Saying Why


“Some people see things as they are and say why? I dream things that never were and say, why not?” —Robert Kennedy

I’ll admit it—I’m one of those people who sees things as they are, and says “Why?” And frankly, I wish I’d started doing it sooner.

It’s a question I don’t think gets asked often enough at nature centers.

There are lots of people in our profession who ask, “Why not?” Why not provide educational programming for every age group in the community? Why not make that programming affordable for everyone? Why not try to cover the costs by writing another grant proposal?

Because not enough people are asking why, we end up doing a lot of things that may have been good ideas at some point, but now actually get in the way of our accomplishment of the goals and objectives that really matter to us. We’re like the British artillery crews in WWII, which had two members of the team stand at attention while their field gun fired. Then they stepped back in to help. When a researcher doing a time-motion study of the process asked what the two crew members were doing, he learned that their job was to hold the reins of the horses so that they wouldn’t bolt when the gun went off. The guns were WWI-vintage field artillery pieces, and during the First World War they had indeed been pulled into place by horses. By the Second World War, though, the horses had long since been replaced by trucks. It’s just that no ever bothered to replace the crew manuals, and now two members of the five-man gun crew were wasting time doing something quite useless.

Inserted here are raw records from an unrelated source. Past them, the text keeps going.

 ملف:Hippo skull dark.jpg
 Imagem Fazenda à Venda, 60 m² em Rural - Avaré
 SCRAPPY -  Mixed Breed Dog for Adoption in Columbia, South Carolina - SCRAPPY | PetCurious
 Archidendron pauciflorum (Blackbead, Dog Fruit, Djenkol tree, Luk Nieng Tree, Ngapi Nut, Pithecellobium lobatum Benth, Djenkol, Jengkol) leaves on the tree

It’s the same question I ask about school programs. Why are elementary-aged school programs the main occupation of so many nature centers? There is a lot of evidence that they lose money hand-over-fist, but very little evidence that they actually accomplish anything. In their classic paper “Changing Learner Behavior through Environmental Education,” published 25 years ago, Harold Hungerford and Trudi Volk wrote, “The traditional thinking in the field of environmental education has been that we can change behavior by making human beings more knowledgeable about the environment and its associated issues. . . . Research into environmental behavior, unfortunately, does not bear out the validity of these linear models for changing behavior.”

So why do school programs? Mostly, because we’ve always done them.

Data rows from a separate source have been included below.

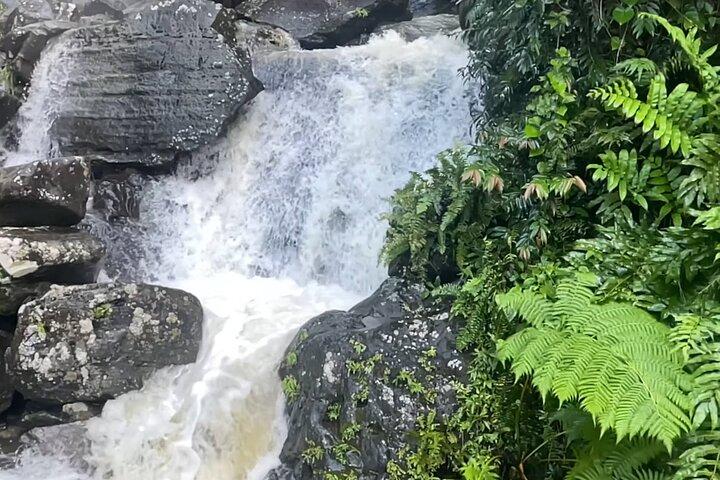 サンファンからの送迎付きエルユンケ熱帯雨林ハイキング
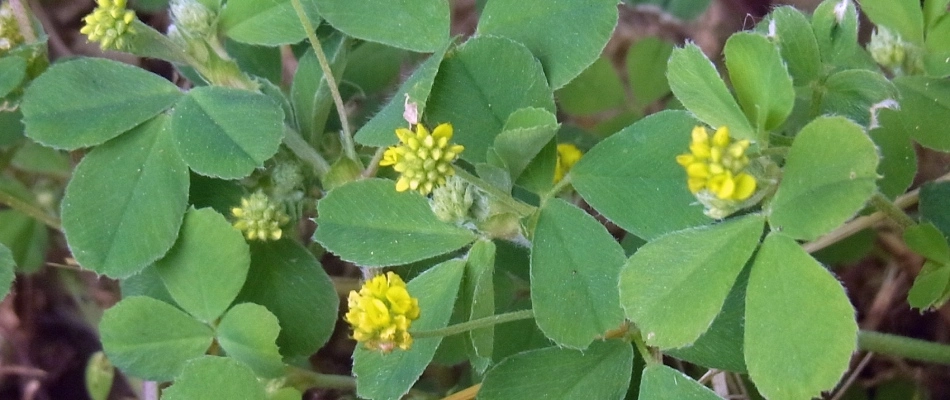 Bur clover weeds sprouting in lawn in Gilbert, AZ.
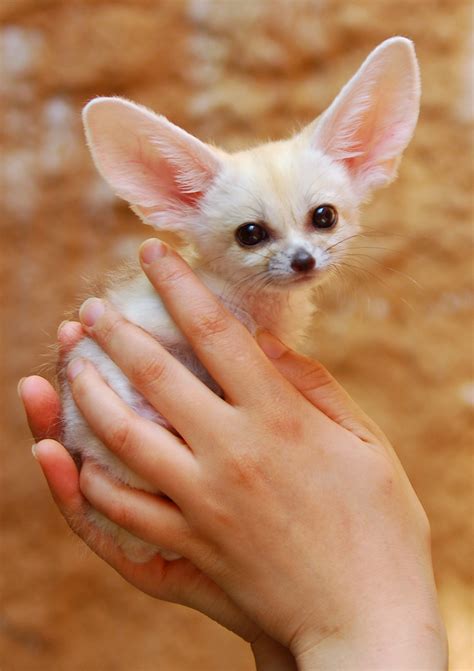 Fennec Fox Fennec Fox Everlandkorea In Cherl Kim Flickr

I think the best reason to do school programs is that they can connect us to kids, and help us get them to return to our sites with parents and grandparents in tow. In other words, I think school programs should be, first and foremost, a marketing tool. Research by Louise Chawla and others suggests that the things most powerfully associated with conservation-friendly behaviors in adulthood are (1) opportunities for unstructured play in nature as young children, and (2) the influence of an adult mentor who models a love of nature and conservation. With rare exceptions, nature center staff and volunteers are not going to fill those mentor roles—parents, grandparents, other relatives and family friends will. So we should be investing our resources in fostering those relationships. I’m always looking for ideas on how to make that happen. Do you have any?